Дети эмиграции, «новая поросль», «наша смена», сыграли тут свою роль, и, увы, роль печальную. Я говорю, конечно, не о той «смене», которая литературе себя посвятила: о ее деятельности, о ее «подвиге» — слово принадлежит Ходасевичу, и оно вполне верно, — речь впереди. Говорю я о молодежи иного, более обычного склада. Для нее, в целом, русская литература за рубежом оказалась лишена интереса a priori, — ибо представлялась она ей каким-то дон-кихотством, пусть и благородным, но смешным, ни к чему реально ощутимому не ведущим. Французский романист, зарабатывающий миллионы и обедающий в дорогих ресторанах с министрами, был для нее лицом достойным подражания, или, во всяком случае, завистливого уважения, романист же свой, русский, может быть не менее талантливый, но ютящийся на седьмом этаже и по утрам сам бегающий за молоком, был жалким обломком незнакомого прошлого, — и молодежь большей частью не стеснялась дать обломку понять, что он именно обломок, ничему научить ее не способный, и даже не имеющий на то права.
Пожалуй я сгущаю краски: не всегда все бывало именно так. Но, думаю, многие из старших писателей — в большинстве случаев уже покойных, — признали бы в общих чертах эту грустную картину верной. Поразила их не только метаморфоза в личном положении, но и то, что литература в чистом, так сказать, бескорыстном виде, очевидно, меньше людей притягивает, меньше им нужна, чем представлялось это в те времена, когда возможны были иллюзии. В этом смысле о «подвиге» следовало бы упомянуть и по отношению к старшим.

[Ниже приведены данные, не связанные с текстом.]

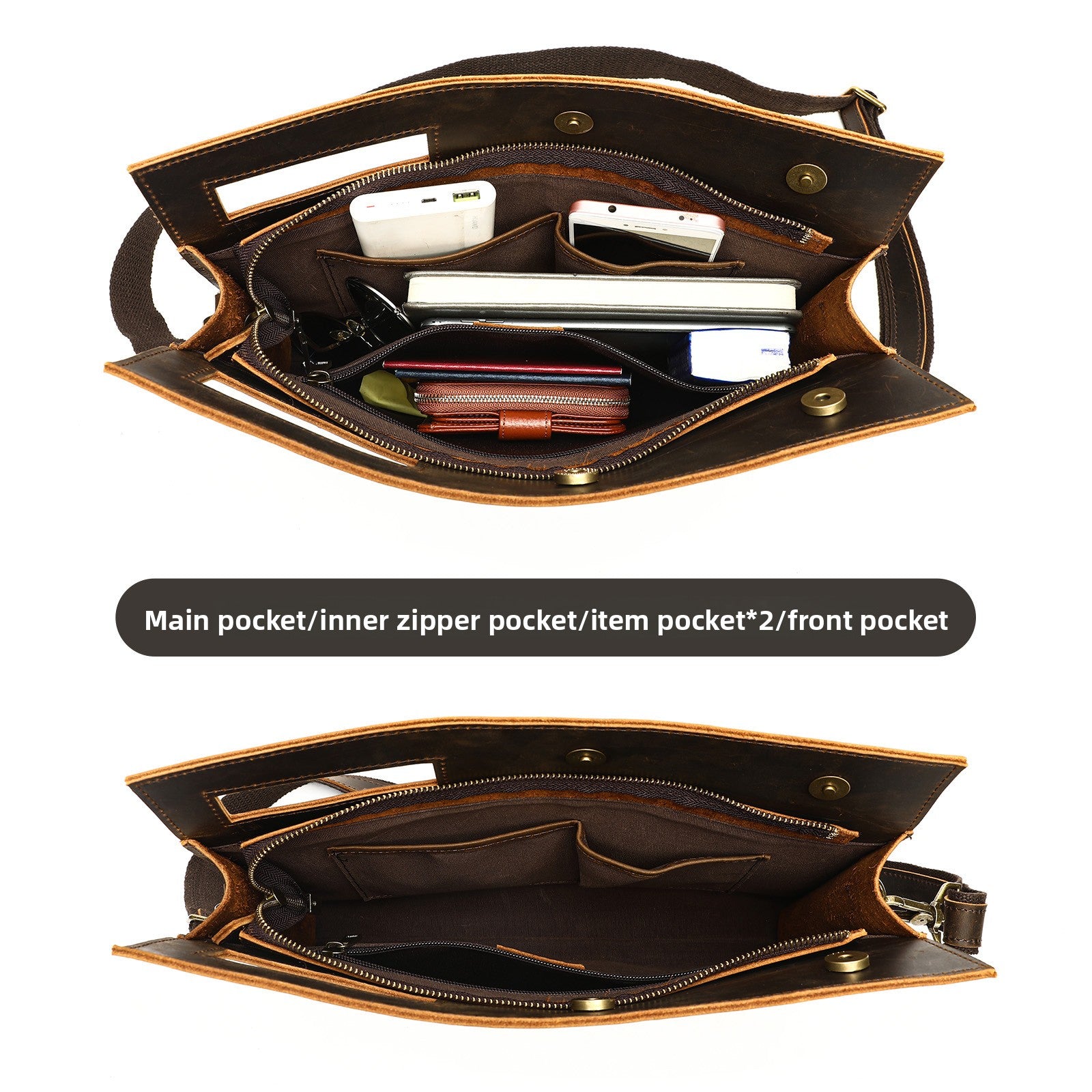 leather shoulder bag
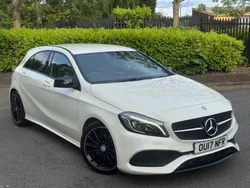 White Used 2017 Mercedes A180 AMG line Hatchback | £7,395 (Fair price)
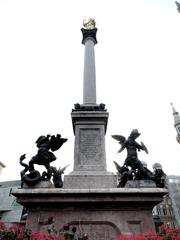 Marienplatz in Munich with Mariensäule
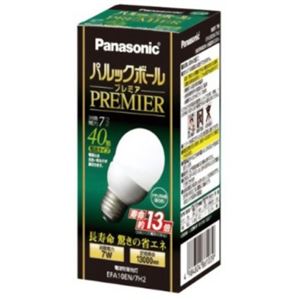 パナソニック 電球型蛍光灯 パルックボールプレミア 電球40WタイプA10形 ナチュラル色 E26口金 EFA10EN7H2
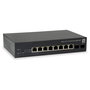 LevelOne GEP-1051 Switch Gestionado L2/L3/L4 con 8 Puertos Gigabit PoE+ (70W) y 2 Ranuras SFP, Montaje en Rack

Были ошибки, были слабости, но в целом свет не померк, и как бы ни колебался он под всякими ветрами и бурями, был это все тот же свет, который дорог нам в прошлом.
Ну, а что не нашлось среди писателей-эмигрантов Толстого или Достоевского, которые потрясли бы мир новым «Не могу молчать» или новой беседой Ивана с Алешей на тему о новом — многомиллионном, — «замученном ребенке», кого же за это укорять?